Tags: What are They Good For?
http://prentissriddle.com/school/papers/385q/riddle-2005-tags.pdf

Thanks for the roundup on tagging and for mentioning Shadows in part 3.

Linda thanks for the kind words. I was excited to see my PubSub and Technorati Search Feeds for the keywords, "ChefNeal", "Gastrocast", and "Podchef" all lit up this morning.

"Podchef"--and here I give credit to Lloyd Davis (http://perfectpath.co.uk) for coining the phrase--and "Gastrocast" are great examples of how a name, or brand can suddenly "make it" in a large playing field. Words which weren't in common circulation are now being searched with Google. A Technorati search of these words will bring up all the instances not only of my own blogging, but other times I have been mentioned in the Blogosphere and other places I have commented--like here.

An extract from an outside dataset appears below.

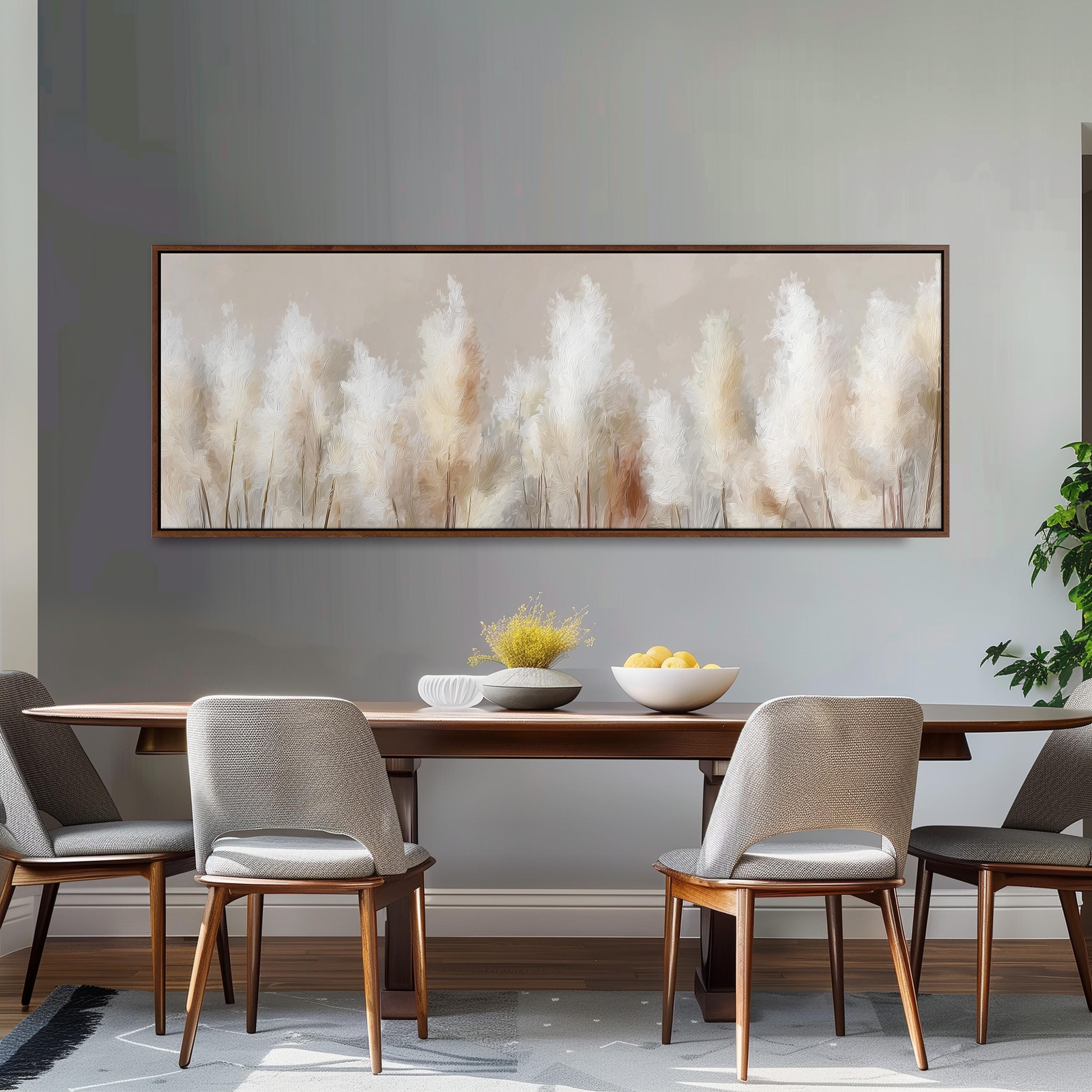 a dining room with a wooden table and four chairs, a large painting of white flowers hanging on the wall above the table, and a bowl of fruit on the table.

I represent a small microcosm--perhaps why this works well as an example. My tags, for the most part, are purposfully focused towards one end--people from whereever finding my material on a number of different avenues; All non-traditional. All in 5 months. Even if things never grow beyond where they're at presently in terms of podcasting and my involvement: blogging, podcasting and tagging have all served to show me the unbelievable power of this new marketing paradigm.

Thanks again for a wonderful article.